> **Task instructions**:
Write out the data below in full, unchanged, minus the images.

> **Dataset excerpt**:
=== Section Start ===
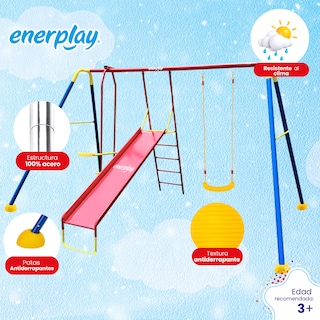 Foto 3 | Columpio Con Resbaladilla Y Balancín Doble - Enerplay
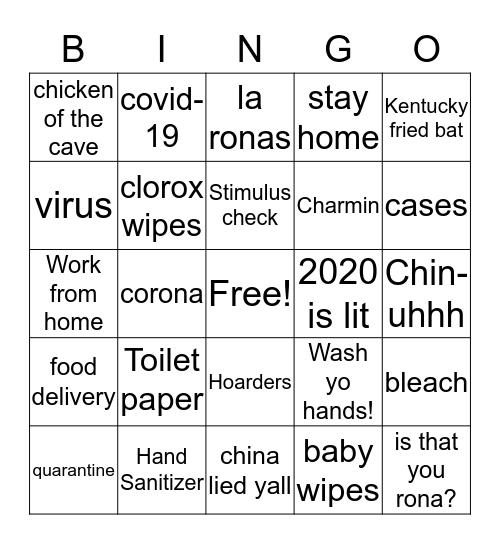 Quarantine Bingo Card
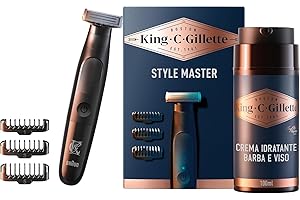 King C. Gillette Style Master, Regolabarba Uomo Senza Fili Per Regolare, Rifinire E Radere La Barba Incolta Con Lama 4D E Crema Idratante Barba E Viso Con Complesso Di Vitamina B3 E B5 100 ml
=== Section End ===
> **Response to the exercise**:
 Foto 3 | Columpio Con Resbaladilla Y Balancín Doble - Enerplay
 Quarantine Bingo Card
 King C. Gillette Style Master, Regolabarba Uomo Senza Fili Per Regolare, Rifinire E Radere La Barba Incolta Con Lama 4D E Crema Idratante Barba E Viso Con Complesso Di Vitamina B3 E B5 100 ml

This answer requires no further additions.